Required work: Look below for the line with "Italy forward Mario" and the line with "Hand manicure with". Copy exactly those two lines and every line between, but not the pictures.
━━ Supplied material ━━
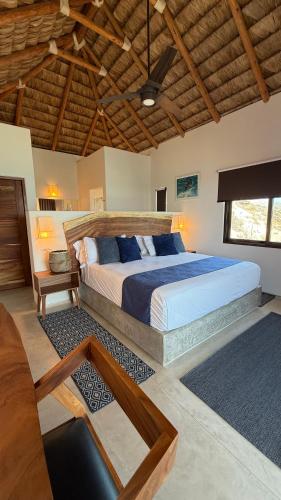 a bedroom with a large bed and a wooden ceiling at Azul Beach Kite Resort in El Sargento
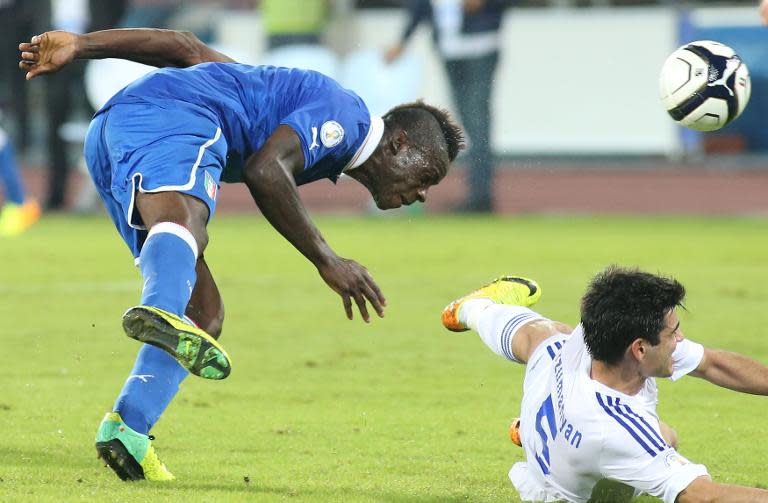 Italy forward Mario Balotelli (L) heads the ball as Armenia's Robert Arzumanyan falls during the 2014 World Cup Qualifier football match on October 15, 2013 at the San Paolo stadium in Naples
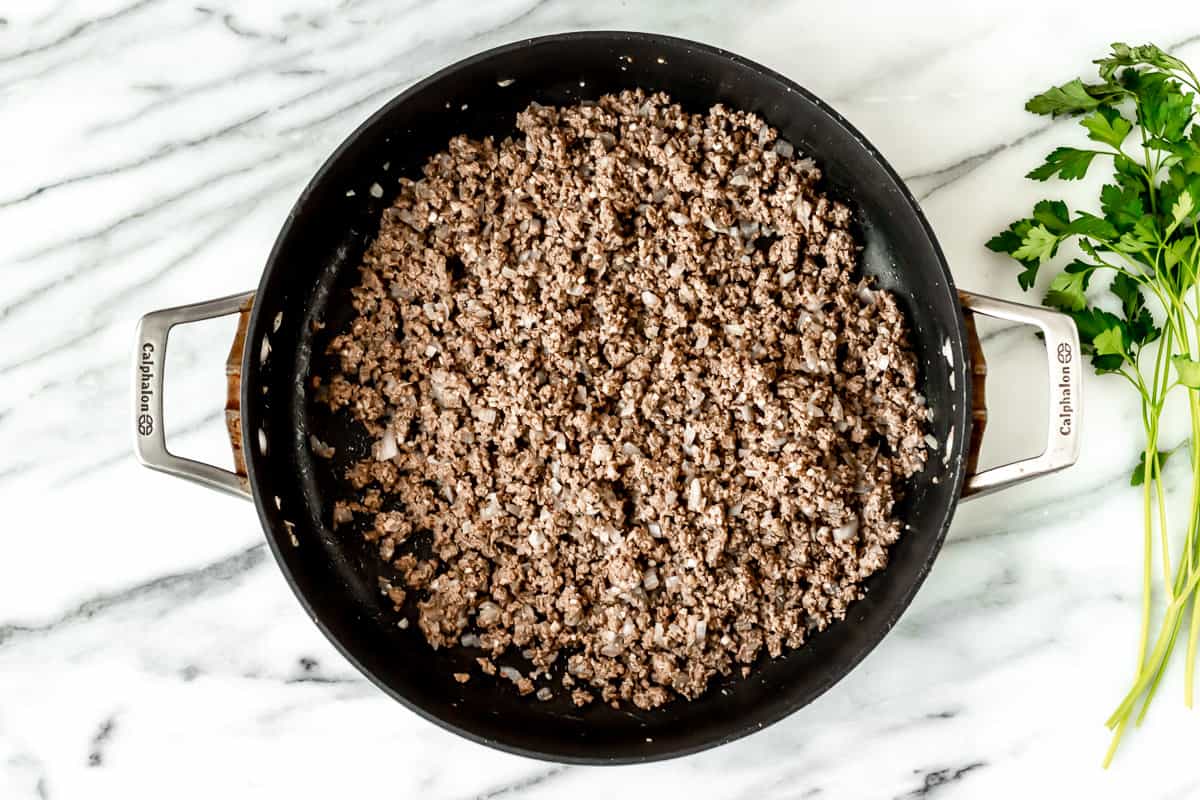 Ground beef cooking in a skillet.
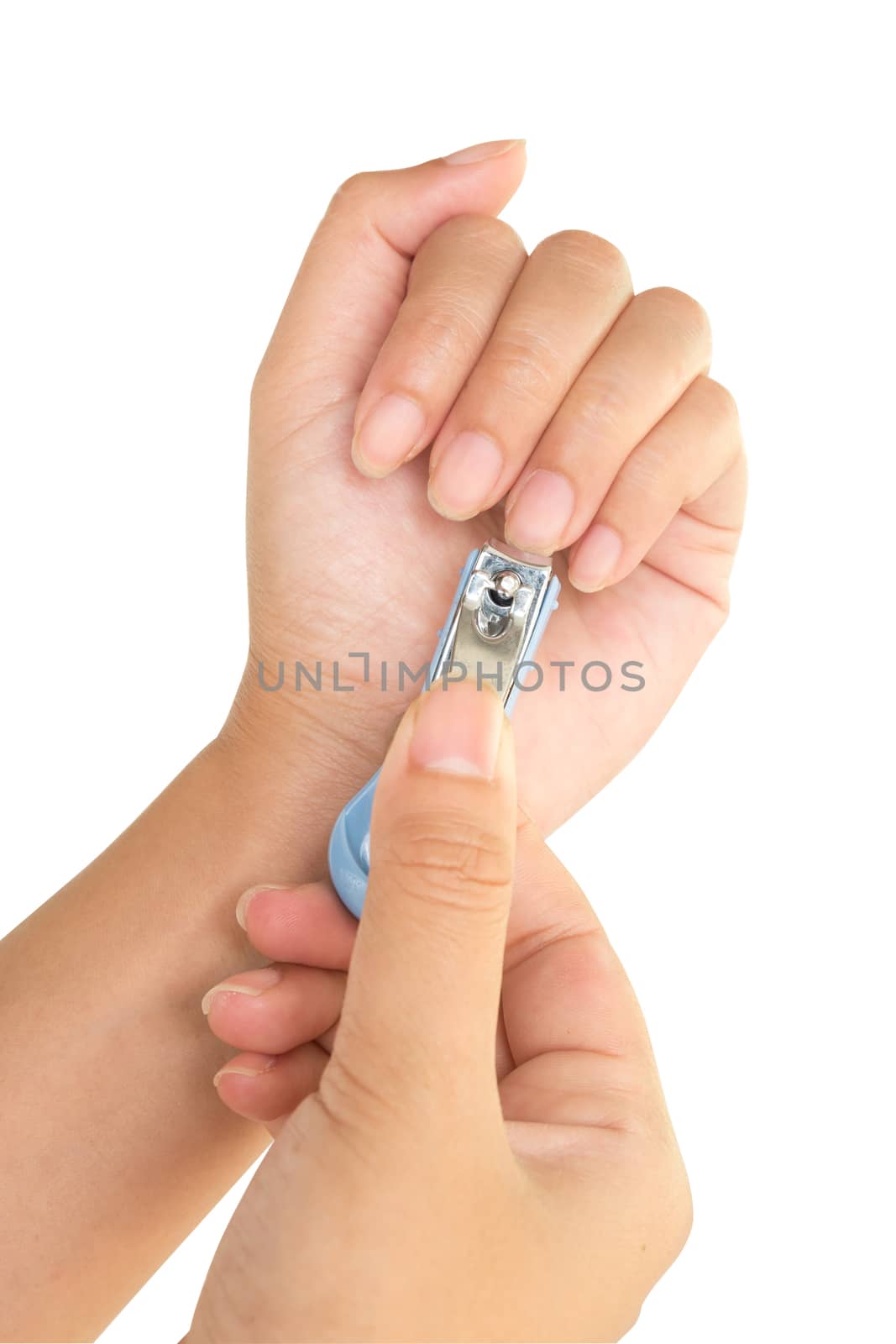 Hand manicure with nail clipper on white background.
━━━
━━ Supplied material ━━
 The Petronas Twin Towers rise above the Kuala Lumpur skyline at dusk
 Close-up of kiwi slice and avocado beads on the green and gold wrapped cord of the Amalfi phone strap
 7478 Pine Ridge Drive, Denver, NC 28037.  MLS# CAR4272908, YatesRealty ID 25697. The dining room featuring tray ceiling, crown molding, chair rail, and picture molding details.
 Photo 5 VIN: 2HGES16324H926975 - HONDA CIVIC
━━━
━━ Supplied material ━━
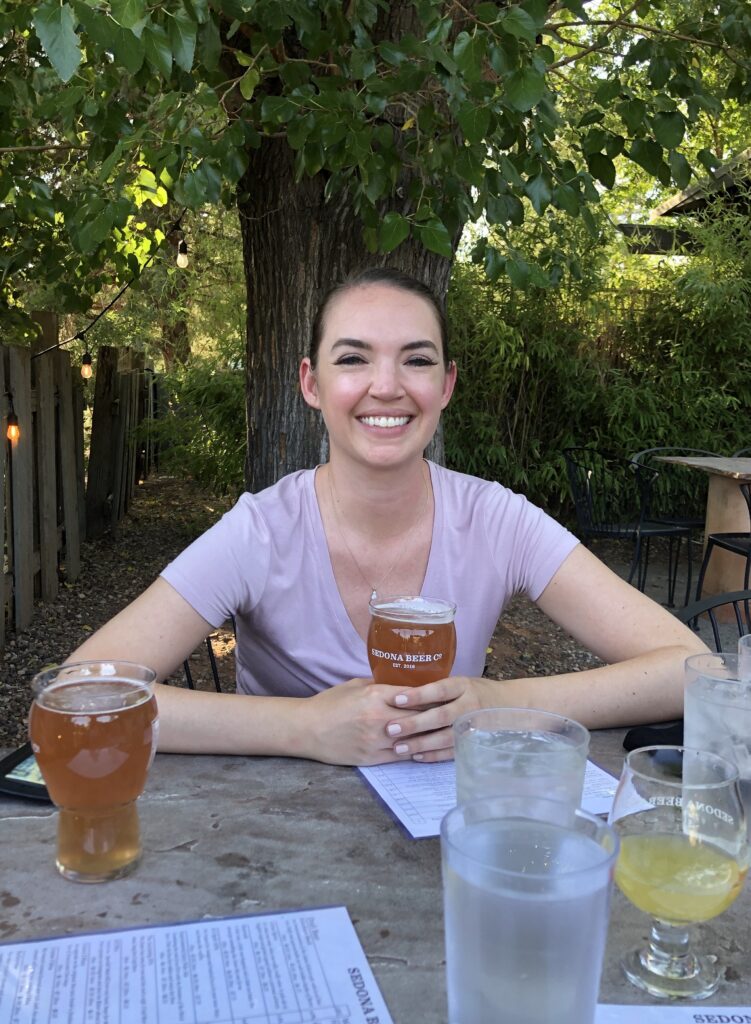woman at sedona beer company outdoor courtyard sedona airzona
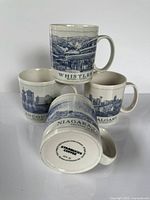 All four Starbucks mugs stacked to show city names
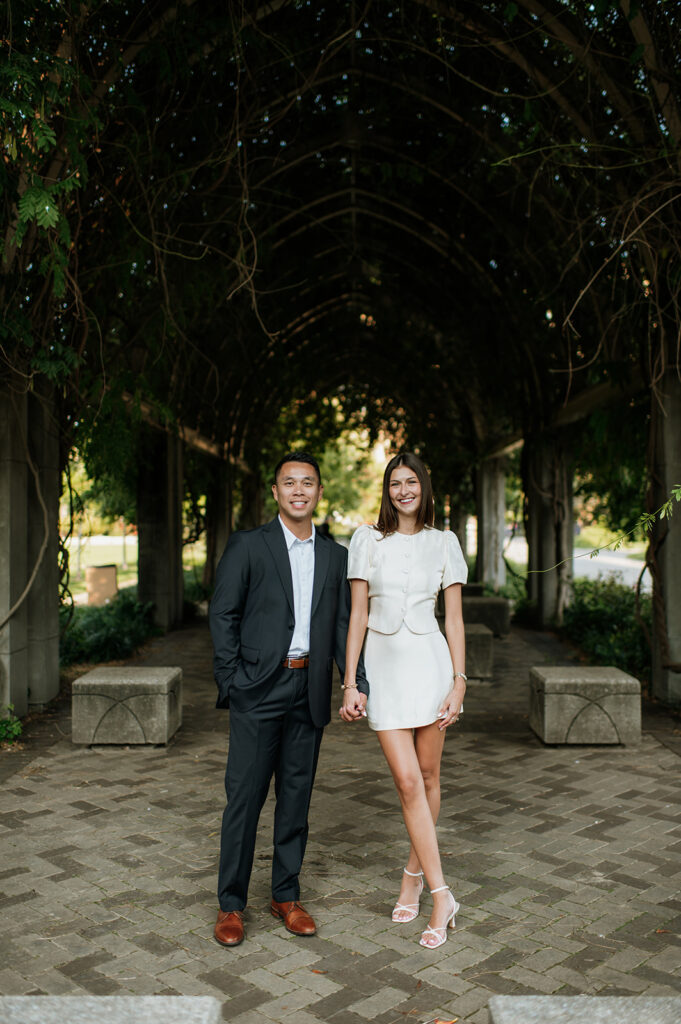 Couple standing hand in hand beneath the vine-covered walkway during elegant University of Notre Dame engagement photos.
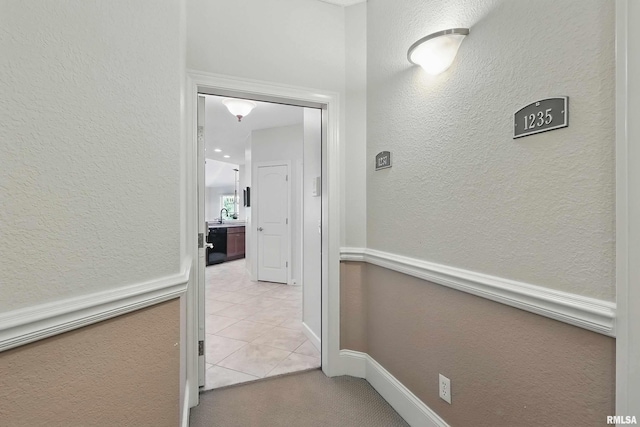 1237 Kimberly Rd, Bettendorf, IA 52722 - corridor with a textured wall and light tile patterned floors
━━━
Answer space:
 Italy forward Mario Balotelli (L) heads the ball as Armenia's Robert Arzumanyan falls during the 2014 World Cup Qualifier football match on October 15, 2013 at the San Paolo stadium in Naples
 Ground beef cooking in a skillet.
 Hand manicure with nail clipper on white background.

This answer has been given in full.